= Sáráhkká =

Sáráhkká is depicted on Sámi drums with a forked stick.

Sáráhkká (also Sarakka, Saaraahka, Sadsla-akka and Saredne) is a goddess in Sámi shamanism connected to childbirth. She is one of the daughters of Máttaráhkká along with Juoksáhkká and Uksáhkká. After Radien-attje hands a fetus to Máttaráhkká who gives it life, she hands it over to Sáráhkká who puts it in the woman's womb and gives the fetus a body. She lived in ground under the goahti with her mother and sisters. She was only known to Sámi in modern day Norway and Sweden, not in Finland or Russia.

She is the most important and worshipped out of the Sámi goddesses of childbirth. She protected and eased with the birthing pains of not only humans but reindeer as well. She also felt the same pains as a woman giving birth, and she was very important for Sámi women. Before labour, the woman drank "Sáráhkká's booze" and after, she ate "Sáráhkká's porridge".

She was also worshipped during menstruation, when women had to take off their collars and belts for Sáráhkká. A menstruating woman was not allowed to step over a man's foot or gun nor go too close to the coastline where fishermen threw their fish from the boats, nor milk cows. After period, a woman baked a pastry only the women were allowed to eat.

Her name has been connected to the word sárrit ("to split"). Wood was split into two for Sáráhkká in order to make childbirth easier. These pieces of wood were considered so scared one was not permitted to even touch them. Spring water was also poured on the ground for Sáráhkká. Animals were also sacrificed: when a woman felt she was going to be a mother, she got a dog and kept it until it was time for labour. Then she'd bury the dog alive so the gods would help her. After a successful birth, a reindeer or other domesticated animal was sacrificed. Only female animals were sacrificed with the exception of roosters. Some pregnant women offered Sáráhkká alcohol, meat and cheese, usually in the fireplace; she lived below the hearth.

Christianity had an effect on the cult of Sáráhkká. There were baptisms (laugo) where a child was given the name of an ancestor and devoted to Sáráhkká.

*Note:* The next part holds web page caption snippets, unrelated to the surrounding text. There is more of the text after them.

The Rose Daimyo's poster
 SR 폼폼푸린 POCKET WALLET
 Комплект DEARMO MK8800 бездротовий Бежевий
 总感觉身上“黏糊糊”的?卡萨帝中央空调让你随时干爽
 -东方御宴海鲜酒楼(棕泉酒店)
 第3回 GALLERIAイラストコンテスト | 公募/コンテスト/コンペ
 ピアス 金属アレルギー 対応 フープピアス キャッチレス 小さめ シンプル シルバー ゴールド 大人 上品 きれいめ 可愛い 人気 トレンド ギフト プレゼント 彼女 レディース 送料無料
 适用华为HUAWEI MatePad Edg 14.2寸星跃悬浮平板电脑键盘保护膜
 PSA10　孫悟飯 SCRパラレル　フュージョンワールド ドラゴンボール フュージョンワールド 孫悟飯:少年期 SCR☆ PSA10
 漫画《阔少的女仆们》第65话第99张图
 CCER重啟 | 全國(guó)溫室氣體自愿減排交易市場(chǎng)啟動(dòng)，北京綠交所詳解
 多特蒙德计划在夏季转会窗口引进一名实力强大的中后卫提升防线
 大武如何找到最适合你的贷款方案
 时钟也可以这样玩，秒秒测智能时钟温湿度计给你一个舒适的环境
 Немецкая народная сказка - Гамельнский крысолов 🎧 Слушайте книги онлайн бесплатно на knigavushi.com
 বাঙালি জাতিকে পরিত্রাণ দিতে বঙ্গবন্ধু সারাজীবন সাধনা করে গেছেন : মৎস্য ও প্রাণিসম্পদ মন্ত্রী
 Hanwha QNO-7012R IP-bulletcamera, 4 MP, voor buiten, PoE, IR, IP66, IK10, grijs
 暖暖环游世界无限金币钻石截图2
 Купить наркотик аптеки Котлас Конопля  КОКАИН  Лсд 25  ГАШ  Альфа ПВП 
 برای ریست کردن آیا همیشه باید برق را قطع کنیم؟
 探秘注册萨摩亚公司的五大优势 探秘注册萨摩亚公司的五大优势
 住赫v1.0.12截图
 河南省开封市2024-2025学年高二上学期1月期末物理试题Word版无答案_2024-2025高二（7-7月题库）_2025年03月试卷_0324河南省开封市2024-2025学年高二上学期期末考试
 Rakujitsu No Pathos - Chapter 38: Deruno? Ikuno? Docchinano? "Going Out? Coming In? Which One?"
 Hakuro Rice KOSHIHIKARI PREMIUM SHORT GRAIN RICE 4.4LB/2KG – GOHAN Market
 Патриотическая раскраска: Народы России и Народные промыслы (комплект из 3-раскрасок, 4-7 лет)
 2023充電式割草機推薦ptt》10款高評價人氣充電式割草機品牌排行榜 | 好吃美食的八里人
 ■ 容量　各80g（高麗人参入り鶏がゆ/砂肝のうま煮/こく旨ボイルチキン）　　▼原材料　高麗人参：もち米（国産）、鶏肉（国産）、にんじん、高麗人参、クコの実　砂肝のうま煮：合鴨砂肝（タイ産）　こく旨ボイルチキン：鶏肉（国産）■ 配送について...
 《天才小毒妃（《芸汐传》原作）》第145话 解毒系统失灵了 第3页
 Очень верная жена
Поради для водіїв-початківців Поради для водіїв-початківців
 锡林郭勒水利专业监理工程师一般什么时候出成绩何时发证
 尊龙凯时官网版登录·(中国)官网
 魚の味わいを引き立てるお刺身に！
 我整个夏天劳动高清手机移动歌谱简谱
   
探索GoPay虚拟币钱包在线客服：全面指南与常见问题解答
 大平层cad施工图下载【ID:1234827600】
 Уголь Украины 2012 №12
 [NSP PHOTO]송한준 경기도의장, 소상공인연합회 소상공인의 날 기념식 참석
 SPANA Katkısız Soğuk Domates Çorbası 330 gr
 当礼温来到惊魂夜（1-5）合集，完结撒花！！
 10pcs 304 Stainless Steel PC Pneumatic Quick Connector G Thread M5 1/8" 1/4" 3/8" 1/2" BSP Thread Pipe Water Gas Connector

Before or after going to church, people held events were they consumed the "flesh and blood of Sáráhkká", and this was also held for other gods so they wouldn't be angry with the Sámi when they were forced to go for the Eucharist by priests. Later, Virgin Mary replaced Sáráhkká. The Sáráhkká cult developed so she was worshipped not only by women but men as well.

The modern Sámi women's organisation The Sarahkka formed in 1988 is named in honor of her.